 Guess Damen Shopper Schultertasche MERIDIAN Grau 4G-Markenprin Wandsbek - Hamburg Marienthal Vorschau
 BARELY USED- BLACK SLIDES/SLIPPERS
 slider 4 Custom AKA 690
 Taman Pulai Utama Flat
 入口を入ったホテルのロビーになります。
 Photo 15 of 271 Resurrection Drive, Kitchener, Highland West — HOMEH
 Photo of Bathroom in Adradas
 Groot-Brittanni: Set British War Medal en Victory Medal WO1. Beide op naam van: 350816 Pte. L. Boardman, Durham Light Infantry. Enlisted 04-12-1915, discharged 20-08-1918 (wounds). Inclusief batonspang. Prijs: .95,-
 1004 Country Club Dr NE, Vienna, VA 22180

### Task brief
The answer must consist of every line in the records above that contains the word "Photo".

### Output for this task
 Photo 15 of 271 Resurrection Drive, Kitchener, Highland West — HOMEH
 Photo of Bathroom in Adradas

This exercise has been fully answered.